** Task instructions **
Go to the line holding "Başkan Yalçın gece" in the data below and repeat it exactly, then each line after it up to and including the one holding "3rd image of 1340 Hope Rd". Omit pictures.

** Available records **
::::

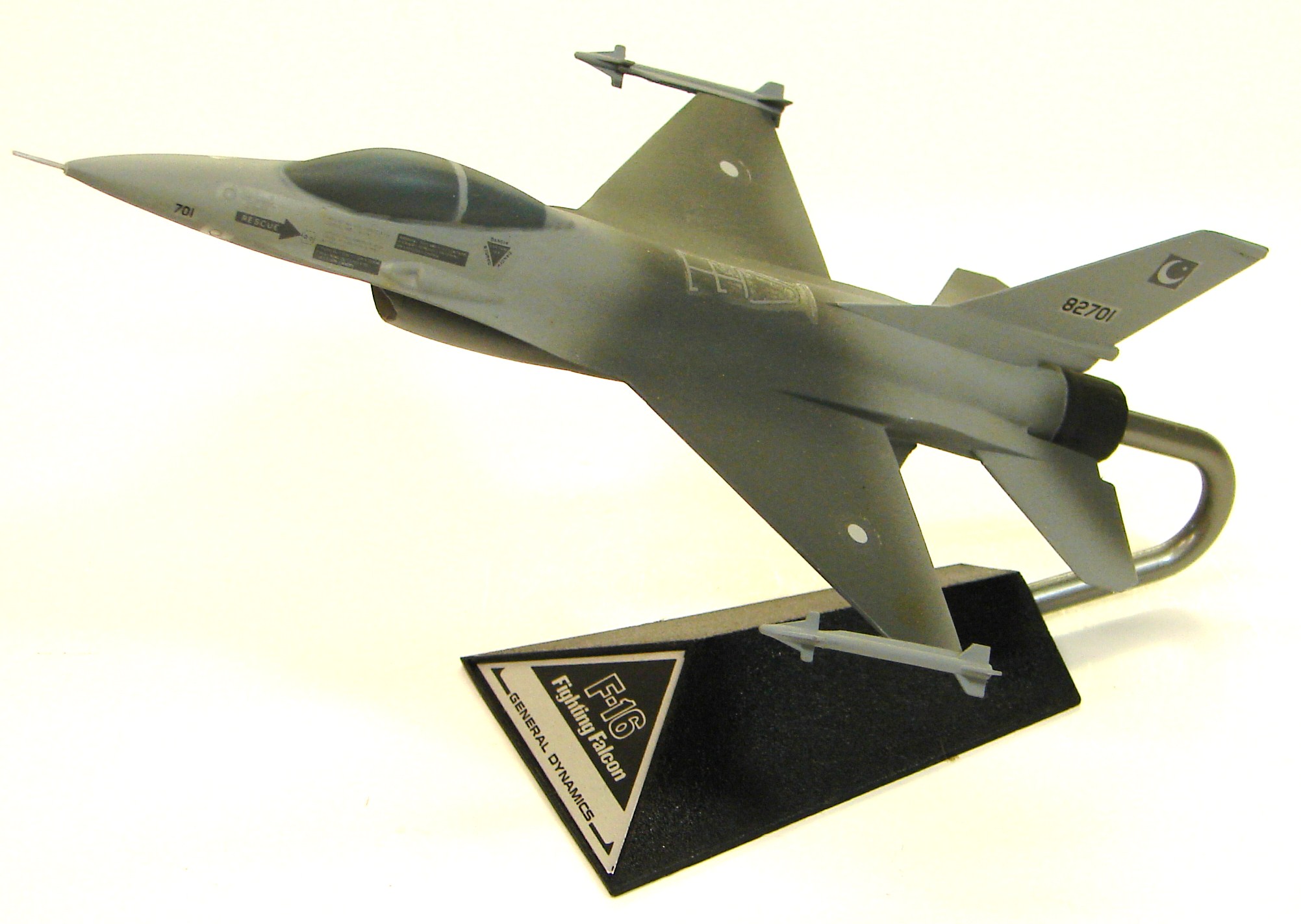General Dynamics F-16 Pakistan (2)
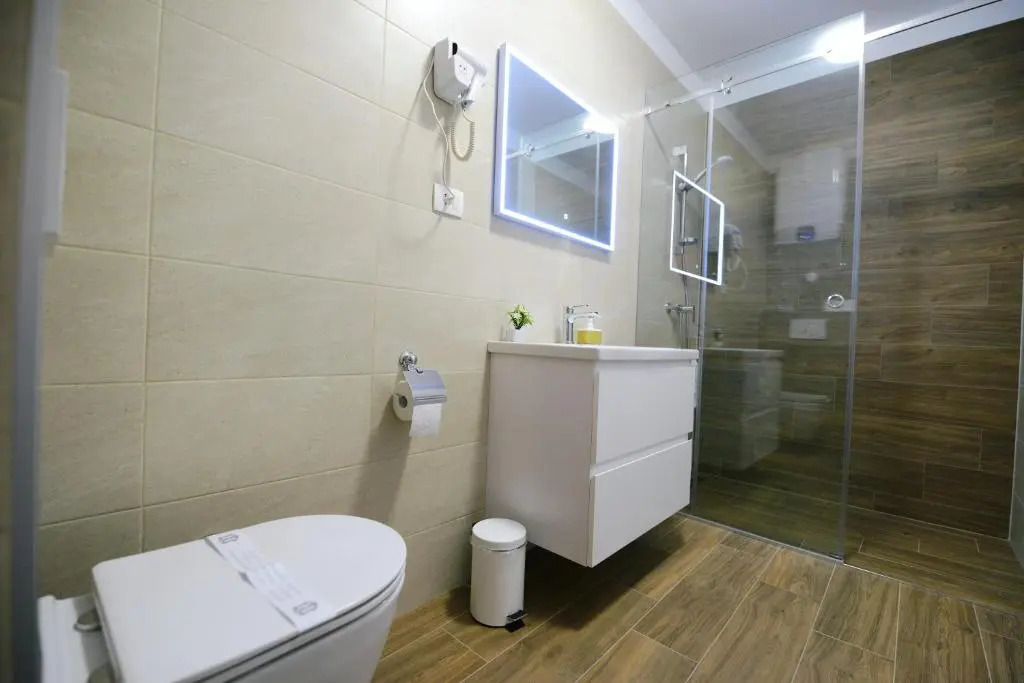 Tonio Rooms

::::

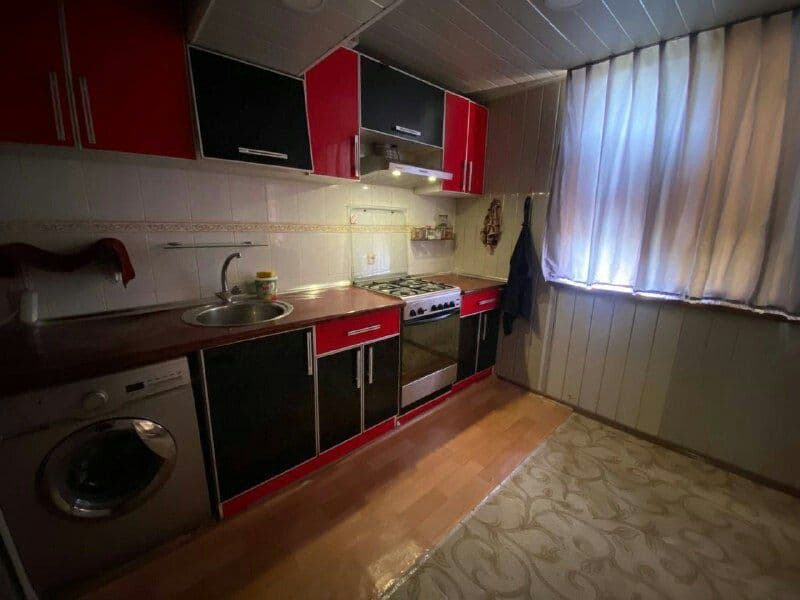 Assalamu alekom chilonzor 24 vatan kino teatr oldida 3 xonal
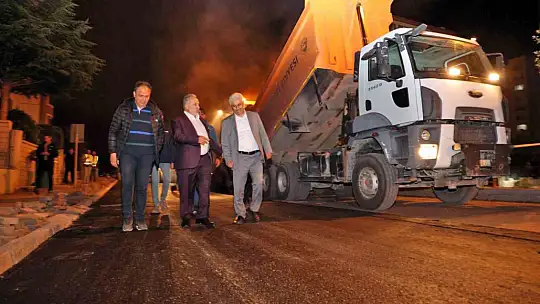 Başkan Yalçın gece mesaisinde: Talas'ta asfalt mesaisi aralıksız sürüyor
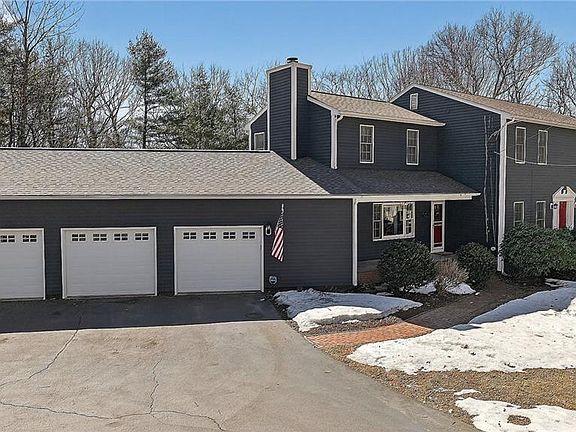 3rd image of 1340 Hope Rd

::::

** Written solution **
 Başkan Yalçın gece mesaisinde: Talas'ta asfalt mesaisi aralıksız sürüyor
 3rd image of 1340 Hope Rd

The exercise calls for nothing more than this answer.